A new airline has come on the market, FLY UX who want to design a website with a great user experience to help them stand out from other competitors in the market. An easy customer journey for anyone booking flights and leaving the user with a positive feeling from their experience.
please note this is a fictitious company as part of the UX Design Institute
The solution to the task focused on 4 processes Research - Design - Build - Test and through these 4 processes it assisted in creating a website built with the user as the main focus and delivered something to address and answer user requirements and needs.
The research phase proved valuable in collecting customer data to really find out what a user wanted, what problems they had with current solutions and how we could help improve their experience of booking flights. Through usability testing, interviews, online surveys and competitive benchmarking a strong sense of what was required was attained.
All of this qualitative data (and some quantitative) was then sorted and teased out using affinity diagrams, customer journey maps and flow diagrams leading to the process of interaction design and sketches to see how various screens on the website would actually look.

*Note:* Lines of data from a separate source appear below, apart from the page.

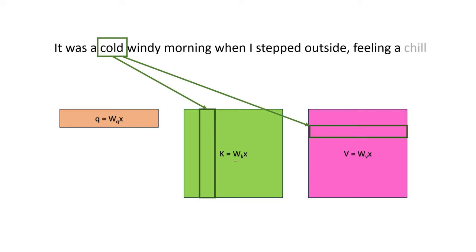But the model still has to do the heavy work of computing the key and the value vectors for this word on all subsequent steps. This results in a quadratic number of matrix vector multiplications, which is going to be really slow.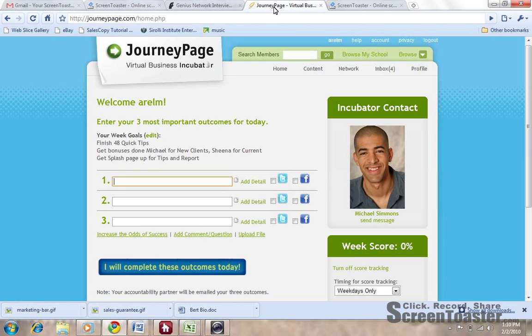Let me show you an example of how one might use ScreenToaster. For example, this is JourneyPage.com — this is our online virtual business incubator. So if you're a client and I wanted to send you a video on how to use JourneyPage, here's what I do.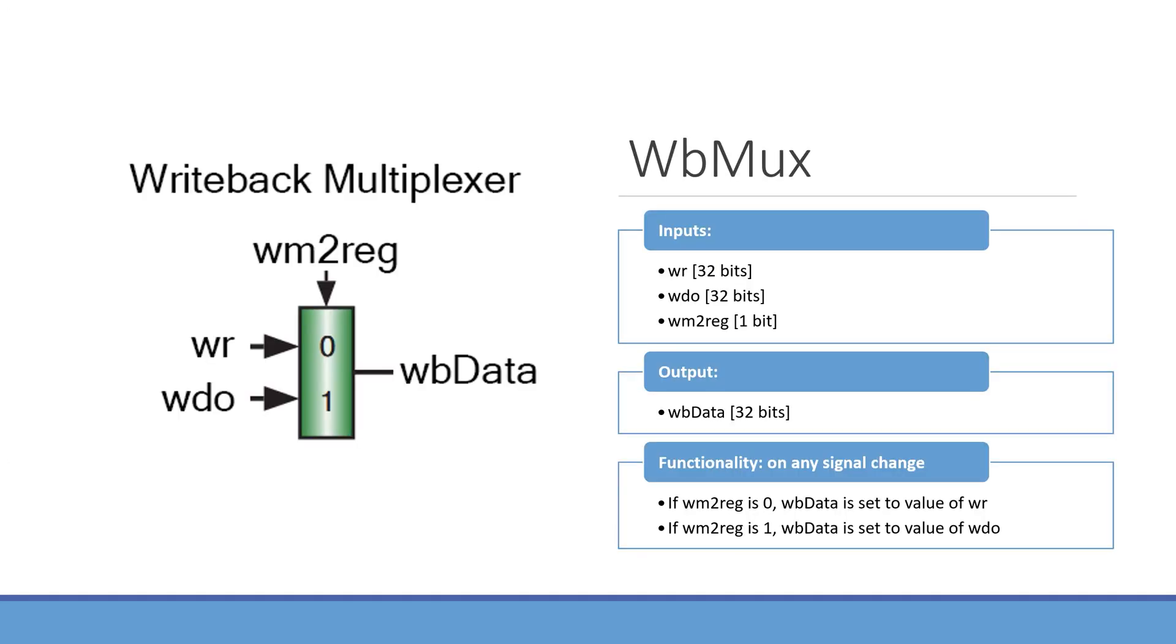Now the only new module that we're going to be making for this lab is our Write Back multiplexer, or WBMux. Here, this acts as a multiplexer, so it has two data inputs, WR and WDO, both of which are 32 bits wide. It has an input for the selector bit, WM2reg, this is 1 bit wide. And then the output data, WBdata, which is 32 bits wide.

Prototypes were built to see the website in action and see exactly how a user would flow through the process of booking a flight. Some more testing took place and some iterations to designs before finally creating annotated wireframes for developers.
Building the prototypes of the various screens allowed for further user testing and continued design iterations.
Below is a more detailed look at various phases of the design process, explaining a little more about the various steps taken.
To get an idea of users behaviours to achieve their goals, 2 comparative usability tests were carried out on 2 individuals. The users were asked to perform various tasks on well known online flight booking sites such as Aerlingus, Ryanair and Virgin and I observed how they performed these tasks, where they struggled and listened to their suggestions and what they liked and disliked about the websites.
Along with the usability test session various interviews helped find out the context the user was usually booking flights in and their typical behaviours and what goals they wanted to achieve. I didn’t want to assume every user was simply booking a flight every time they visited a site like this as the research showed many users use these sites in different ways - search for flights to compare prices, search for flights to get ideas of where to go on holiday, add bagging or other add ons to a flight already booked and also to check in to a flight.